23 Nov 2015

Home Affairs attempting to further clamp down on foreigners overstaying on visas

Practice Area(s): Corporate & Commercial | Immigration |

The Portfolio Committee on Home Affairs on 18 November 2015 applied for permission to introduce another amendment to our Immigration Act, which will provide stronger penalties to foreigners who have overstayed in the Republic beyond the expiry date on their visas. The agenda now appears to be to moving in the direction of preventing these foreigners from acquiring a port of entry visa, a visa for admission into the Republic and/or a permanent residence permit for a prescribed period of time. We are waiting to hear of how long the moratorium on such foreigners is proposed to remain.

Our current legislation provides in Regulation 27 that a foreigner may be declared "undesirable" for a period of 12 months if he or she overstays for a period not exceeding 30 days. A foreigner who overstays for the second time within a period of 24 months, may be declared undesirable for a period of 2 years. In the case of a foreigner who overstays for more than 30 days, they will be declared undesirable for a period of 5 years.

The stipulations in Regulation 27 are premised on the content of Section 30(1)(h) of the Immigration Act, which makes reference to a foreigner being declared "undesirable" where he or she has overstayed "the prescribed number of times". The Portfolio Committee believes that Regulation 27 is not clear enough on this point. They say that some foreigners have interpreted it to mean that they must have overstayed on more than one occasion in order for the consequences of undesirability to be visited on such person. My interpretation, however, is that a foreigner may be declared undesirable even upon one instance of overstay. This discretion is in the hands of the immigration official who waives the foreigner a less than fond farewell at his or her port of departure.

To my mind when someone is declared undesirable they are in any event prevented from returning to the Republic until the undesirable status is lifted, which amounts to the same outcome as what the Portfolio Committee wants to achieve.
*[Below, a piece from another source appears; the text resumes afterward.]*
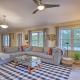 Single-Story Home in Fairborn with Yard and Patio!, Fairborn (photo 7)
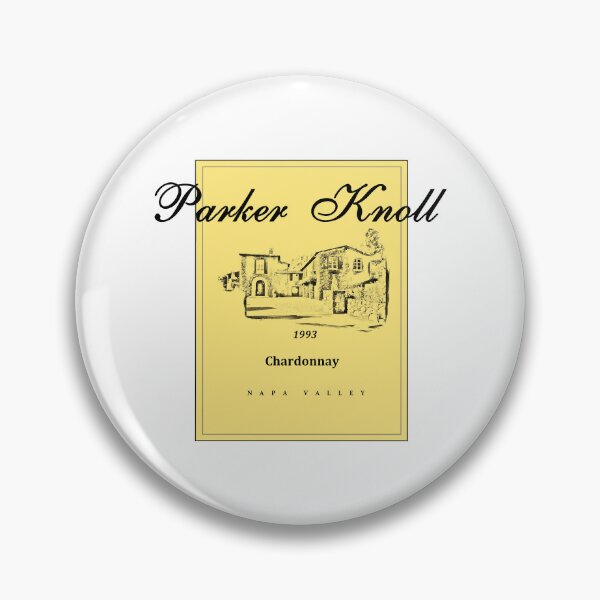 Item preview, Parker Knoll x The Parent Trap designed and sold by lvyana-pendley.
The Portfolio Committee believes that the amendment is necessary because foreigners are not taking Section 30(1)(h)  and Regulation 27 seriously. Practically speaking, however, foreigners who apply for a lifting of their undesirable status to allow them to return to the Republic are being forced to wait for months and months whilst being subjected to insane levels of red tape frustration, before their status is amended, if at all. By then, these foreigners have lost their belief that our country may be the land of milk and honey, and have moved on to spend their money in a land with greener pastures, which subject their foreigners to far more relaxed and welcoming immigration laws.